Arrowhead Central Credit Union, an NCUA conservatorship that has been shrinking for months, is now closing eight of its California branches by year end.
The eight include six located in Stater Bros. Market stores plus two others in the San Bernardino area where the ailing $720 million CU has its headquarters.
There long has been speculation Arrowhead's serious financial problems and asset spinoffs, climaxed by the agency conservatorship June 25, would eventually lead to a purchase-assumption deal, but none has been forthcoming so far.
In a statement cleared through the NCUA, Arrowhead did say that its interim management has sharply reduced operating expenses by more than 30% from a year ago "while also reducing and eliminating some member fees including loan application fees."
The closing of the branches follows the sale this summer of four other branches to Alaska USA FCU of Anchorage.
The six Stater branches are in Loma Linda, Beaumont, Wildomar, San Bernardino, Fontana and Corona. Two other full-service facilities in San Bernardino and Norco will also be closing.
At one time Arrowhead had 29 branches in southern California. It now has 11.
At those remaining 11 branches, Arrowhead said it would be expanding hours to accommodate members of the closed facilities.

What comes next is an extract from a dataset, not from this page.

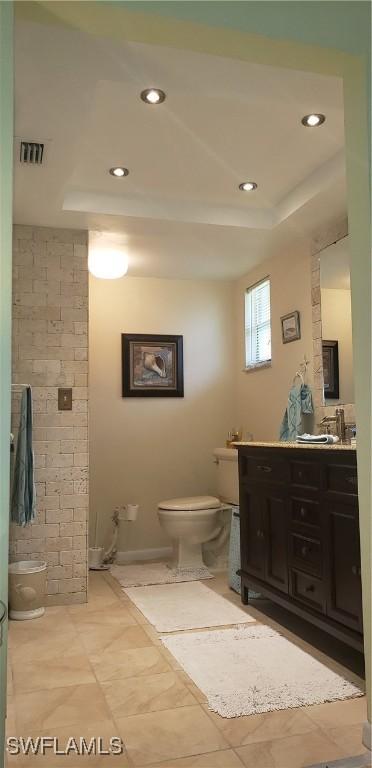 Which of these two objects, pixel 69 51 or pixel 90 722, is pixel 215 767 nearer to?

Kay Woods, Arrowhead's interim CEO appointed by NCUA, acknowledged in the statement that the branch closings reflect "this difficult business environment" but the action is necessary "to improve our infrastructure and service delivery options" in an overall program to restore profits.
"We want our members to know that their money is safe and the great service they are used to will be enhanced as we move forward," she said.
Arrowhead, which lost $47.8 million in 2009, for the first nine months reported a $3.8 million loss. Its net worth stood at 3.25%.
Arrrowhead's fate has also been fodder for the local media, which has frequently quoted ousted CEO Larry Sharp complaining that the NCUA conservatorship was totally unwarranted given the circumstances of the recession and comparable condition of other southern California CUs.
Sharp, now a college faculty member, had specifically questioned the $50 million set aside for potential loan losses and again accused the NCUA of regulating the credit union as if it were still 2009. "Why do you need to have $50 million out there? That's just, excuse me, ridiculous," Sharp told a San Bernardino reporter.
The NCUA has maintained the loan losses and potential write-downs were serious enough to warrant its action.
Regarding the branch closings, NCUA said last week the agency remains committed to maintaining uninterrupted, high-quality service to Arrowhead's members.